[MATERIAL FOR THIS TASK — start]

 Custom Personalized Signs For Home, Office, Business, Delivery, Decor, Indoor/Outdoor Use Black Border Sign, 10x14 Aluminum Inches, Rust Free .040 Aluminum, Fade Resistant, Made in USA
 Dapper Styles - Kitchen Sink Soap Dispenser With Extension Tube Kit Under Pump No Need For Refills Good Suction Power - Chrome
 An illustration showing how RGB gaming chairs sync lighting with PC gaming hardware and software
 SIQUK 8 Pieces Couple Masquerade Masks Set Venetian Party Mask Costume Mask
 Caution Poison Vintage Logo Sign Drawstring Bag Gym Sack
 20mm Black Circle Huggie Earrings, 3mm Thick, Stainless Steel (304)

[MATERIAL FOR THIS TASK — finish]

- [YOUR GOAL]:
Wherever the word "Sign" appears in the data, return the whole line.

- [WRITTEN REPLY]:
 Custom Personalized Signs For Home, Office, Business, Delivery, Decor, Indoor/Outdoor Use Black Border Sign, 10x14 Aluminum Inches, Rust Free .040 Aluminum, Fade Resistant, Made in USA
 Caution Poison Vintage Logo Sign Drawstring Bag Gym Sack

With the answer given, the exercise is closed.